この神話は、明らかに古墳の石室がモチーフとなっており、一見、古墳時代からの他界観を受け継いでいるようにも見える。

しかし装飾古墳(石室内に絵が描かれた古墳)の絵には、船の絵や舟形の埴輪が出ているから、古墳時代には、異界は海の向こうという認識があったのだろう。しかし黄泉の国は明らかに地上と地続きである。奈良時代に他界観に変化があったのか、それとも古墳を作っていた人々と神話を作った人々が別だったのか、いずれかである。

平安時代になると、死体が強く忌避されるようになったためか、鳥葬や風葬が普通になった。そこに他界観の変化を伴っていたかどうか、本書には詳らかでない。

著者が日本人の他界観を探るのに取り上げるのは、浦島伝説である。浦島伝説は、神話の「海幸山幸」を原型として様々なバリエーションが各地に残されているが、そこに描かれた他界=竜宮(海神の宮)は、財宝に満ちた理想郷であることと、現世と時間の進み方が違うことが共通している。そしてその理想郷が、道教的な要素を持っているということは注目される。

例えば『日本書紀』(雄略天皇22年)にある浦嶋子伝説では、浦嶋は海に入って「蓬莱山(とこよのくに)」に着き、「仙衆(ひじり)」に会う。『丹後国風土記』でも浦嶼(うらしま)の子が「蓬莱(とこよのくに)」「仙都(とこよ)」に行く。ここでの異界は明らかに神仙思想の影響を受けている。『古事談』に掲載された『浦嶋子伝』『続浦嶋子伝記』は、中国六朝時代後半に成立した道教経典『金庭無為妙経』『度人上品妙経』などの影響があるという。

日本人の異界観で「黄泉」の次に出てくるのが「常世(とこよ)」で、これは海の彼方にあるというイメージとともに、道教的な装いがある場所なのだ。では、常世は外来の概念なのか、それとも古墳時代からの海上他界を引き継ぐ概念なのか。本書では特に考察されていない。

平安時代には、山岳信仰も盛んになったが、そこでは山中他界が盛んに喧伝されていた。山中には数百歳の仙人が住み、そこでは不思議な能力を身につけることができた。ここでも神仙思想の影響が濃厚だ。だが、中国の神仙思想と決定的に違うのは、日本人は不老不死にあまり関心がなかったことで、山で修行した人々も、不老不死を希求していた形跡はない。古代以前には日本人は山に墳墓をつくり、また古墳も山になぞらえたものであると考えられるが、その他界観と山岳信仰の山中他界は接続するものなのかもしれない。

8世紀に入ると、火葬が貴族の間に普及してくる。すると野辺の煙が魂を思わせるものとして認識されたのではないかという。煙が空へ上ることも、山中他界のイメージに沿うものとして受け取られたかもしれない。

平安時代には、仏教的な他界観も浸透する。
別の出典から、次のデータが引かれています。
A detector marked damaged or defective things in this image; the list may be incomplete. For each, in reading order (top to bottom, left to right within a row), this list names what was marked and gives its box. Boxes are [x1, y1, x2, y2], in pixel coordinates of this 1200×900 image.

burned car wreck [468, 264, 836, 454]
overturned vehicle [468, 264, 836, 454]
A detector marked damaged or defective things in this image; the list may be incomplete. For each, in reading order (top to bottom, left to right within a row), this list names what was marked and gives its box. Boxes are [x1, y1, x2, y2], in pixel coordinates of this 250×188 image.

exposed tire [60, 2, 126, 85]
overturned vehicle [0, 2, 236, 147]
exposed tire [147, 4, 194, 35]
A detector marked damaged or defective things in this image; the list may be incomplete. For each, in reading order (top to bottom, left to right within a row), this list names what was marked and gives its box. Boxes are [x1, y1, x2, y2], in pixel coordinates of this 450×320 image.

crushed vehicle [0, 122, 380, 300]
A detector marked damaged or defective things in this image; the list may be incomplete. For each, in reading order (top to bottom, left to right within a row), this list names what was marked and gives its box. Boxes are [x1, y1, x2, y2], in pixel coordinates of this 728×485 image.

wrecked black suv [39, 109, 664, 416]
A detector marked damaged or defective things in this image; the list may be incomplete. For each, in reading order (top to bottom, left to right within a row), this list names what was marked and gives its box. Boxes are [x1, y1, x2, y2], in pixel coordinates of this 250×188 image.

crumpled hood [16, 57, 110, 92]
輪廻転生や六道四生である。六つの世界を生まれ変わりしながら、永遠に輪廻するという世界観で、その六つの世界の中で、特に日本人が強くイメージしたのが地獄であった。末法思想の中で、浄土に生まれ変わることは難しいと考えられたこともあり、人々は堕地獄を恐怖した。源信は『往生要集』で地獄の凄惨なさまを異常に力を込めて描き、極楽と対比させた。

こうして、死後の世界は急に具体的イメージを持って迫ってきた。例えば、人の寿命を司る泰山府君という神がいるとか、生前の罪を裁く閻魔大王がいるとかである。これらはいうまでもなく中国から伝わった概念であるが、日本人はそういった他界観をさしたる抵抗もなく受け入れているように見える。黄泉か地獄か、といった二者択一的な疑問は誰も抱かなかったらしい。
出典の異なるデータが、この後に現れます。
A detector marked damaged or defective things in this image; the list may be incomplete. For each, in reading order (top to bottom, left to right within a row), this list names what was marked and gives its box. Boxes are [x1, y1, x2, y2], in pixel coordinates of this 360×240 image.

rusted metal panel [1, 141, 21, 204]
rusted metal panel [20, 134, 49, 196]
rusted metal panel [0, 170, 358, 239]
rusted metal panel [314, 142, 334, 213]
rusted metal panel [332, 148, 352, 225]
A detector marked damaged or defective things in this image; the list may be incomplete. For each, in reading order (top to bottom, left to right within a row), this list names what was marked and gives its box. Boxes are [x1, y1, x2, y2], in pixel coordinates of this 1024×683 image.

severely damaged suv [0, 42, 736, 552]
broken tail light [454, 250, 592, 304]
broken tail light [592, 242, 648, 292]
そして当然ながら、人々は地獄に落ちることを避け、浄土を希求した。本来の輪廻転生の考え方では、畜生道とか阿修羅道もあったのだが、それは理論的には存在しつつも、輪廻転生を超えた浄土の世界と、六道の一番下である地獄が他界の代表となっていった。 すなわち、地獄と浄土の二本立てが、日本人の他界観として確立したのである。
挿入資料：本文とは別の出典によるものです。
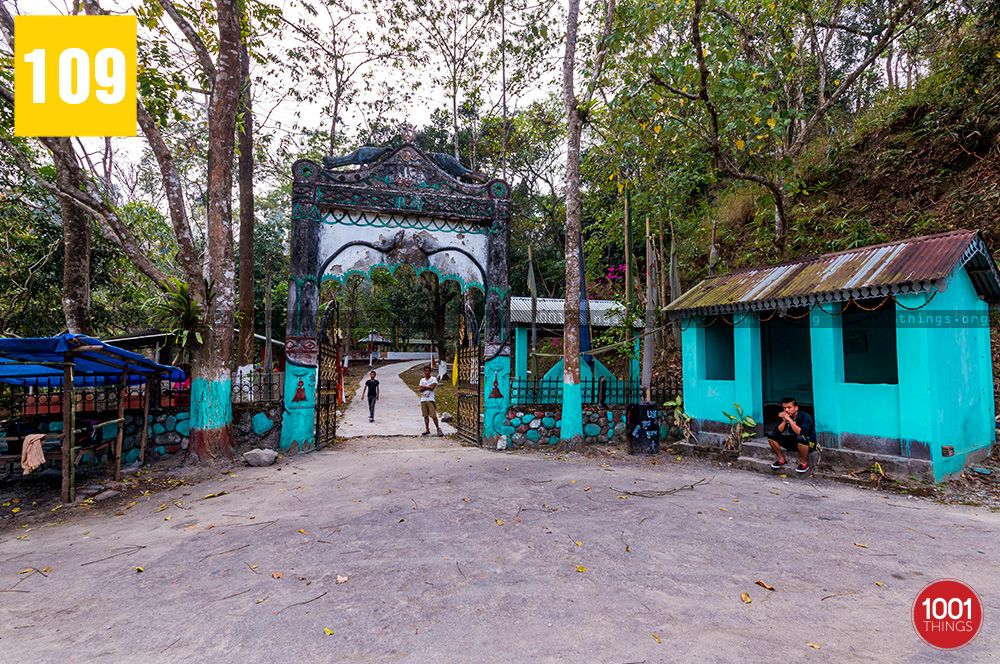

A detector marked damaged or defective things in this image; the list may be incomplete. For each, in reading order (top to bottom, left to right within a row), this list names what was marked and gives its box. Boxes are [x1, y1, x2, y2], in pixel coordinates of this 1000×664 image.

rusted metal roof [664, 230, 1000, 318]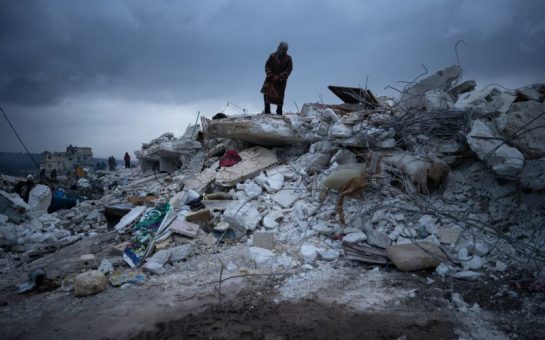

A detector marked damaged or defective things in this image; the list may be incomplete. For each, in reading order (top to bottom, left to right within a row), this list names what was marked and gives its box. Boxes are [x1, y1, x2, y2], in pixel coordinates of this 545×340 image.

broken concrete slab [215, 146, 278, 187]
broken concrete slab [201, 115, 304, 145]
broken concrete slab [466, 119, 524, 178]
earthquake damage [1, 65, 544, 338]
broken concrete slab [386, 242, 446, 270]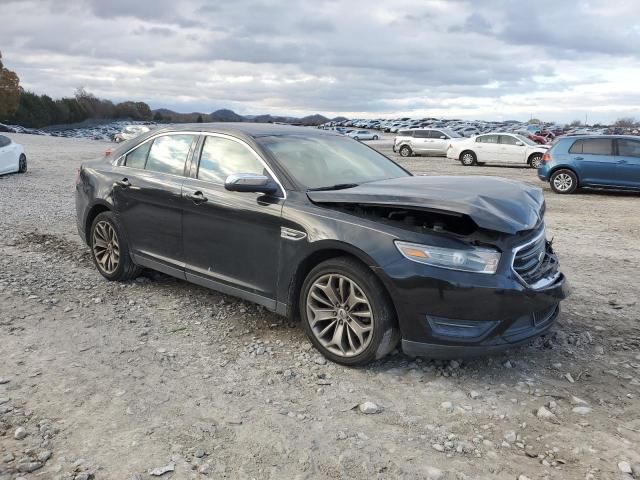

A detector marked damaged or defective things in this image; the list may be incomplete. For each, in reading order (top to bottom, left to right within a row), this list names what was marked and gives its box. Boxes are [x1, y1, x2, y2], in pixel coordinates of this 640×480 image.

wrecked vehicle [75, 124, 568, 364]
damaged hood [308, 176, 544, 236]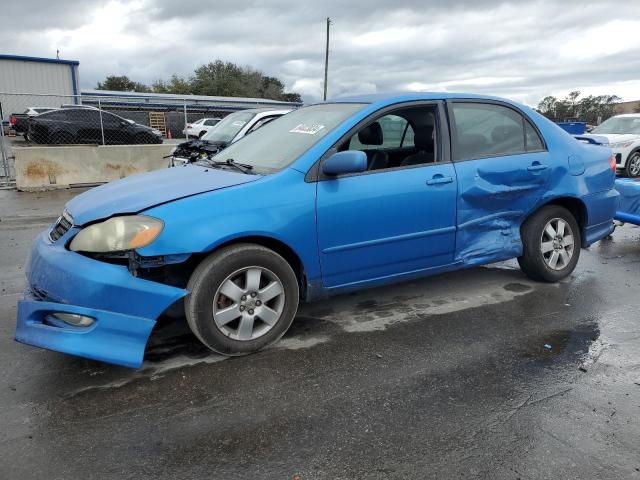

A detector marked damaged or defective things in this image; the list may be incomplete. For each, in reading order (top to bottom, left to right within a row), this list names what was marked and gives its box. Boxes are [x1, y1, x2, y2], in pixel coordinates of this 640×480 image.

damaged blue car [15, 94, 616, 368]
dented rear door [448, 101, 552, 266]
本書は全体として、大変文章がうまく、非常にすらすらと読むことができる。一読してなるほどとわかった気になる本だ。しかしながら、よく読んでみると展開があまり論理的ではなく、海上他界、山中他界、神仙思想などがバラバラに扱われているだけで、どうつながるのか、つながらないのか、曖昧な記述が多い。ちょっと厳しい言い方をすれば、著者の思う他界観に合うように事例をピックアップしてきたという感じを受けるのである。

その曖昧さは、他界を「死後の世界」と「異界」で都合よく使い分けていることに原因があると思われる。「死後の世界」としての他界を述べるならば、古墳時代から平安時代までの葬送の変化を述べざるを得ないが、そういう作業を本書はしない。その代わりに「浦島伝説」のような「異界」を述べて「黄泉」からの中継ぎとし、やはり「異界」である山岳信仰の「山中他界」を媒介して「浄土」へ至るのである。これはストーリー的にまとまってはいるが、「日本人の他界観」の歴史としては成立していないと言わざるを得ない。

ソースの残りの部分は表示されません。